DATA BELOW:

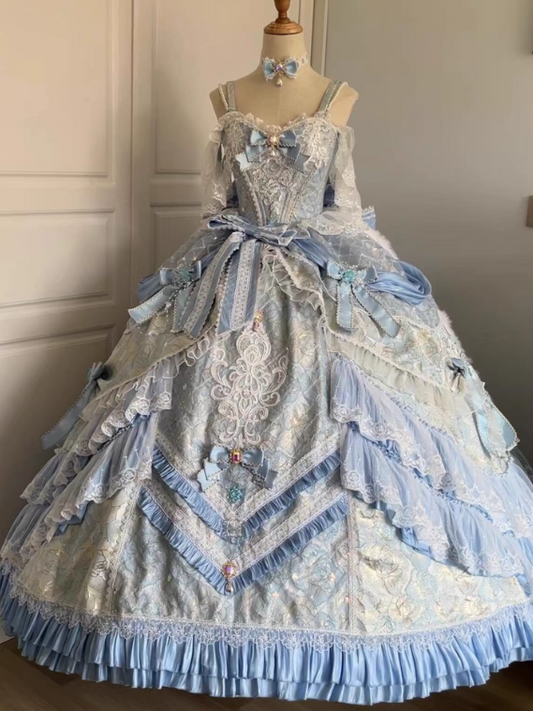 Popular Prom Dress Spaghetti Straps Pleated Ball Gown Sweet 16 Dress Evening Dress D3720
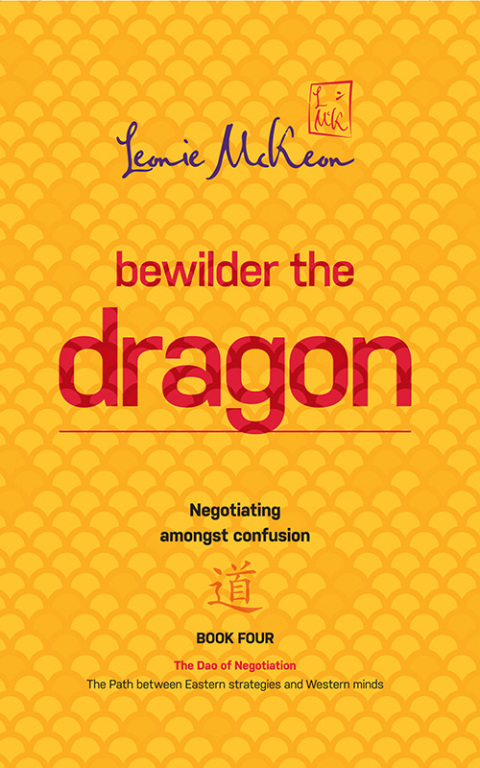 Cover image for book Bewilder the Dragon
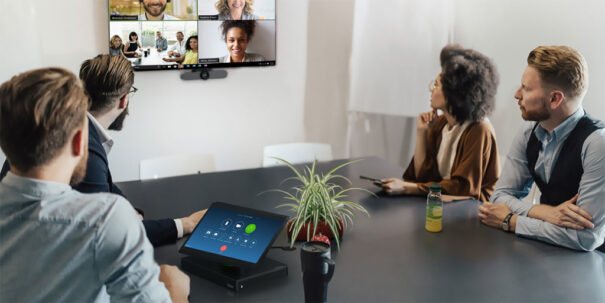 Lenovo-video conferencing solution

EXERCISE DIRECTIONS:
Reproduce the data verbatim and omit each image.

EXERCISE RESPONSE:
 Popular Prom Dress Spaghetti Straps Pleated Ball Gown Sweet 16 Dress Evening Dress D3720
 Cover image for book Bewilder the Dragon
 Lenovo-video conferencing solution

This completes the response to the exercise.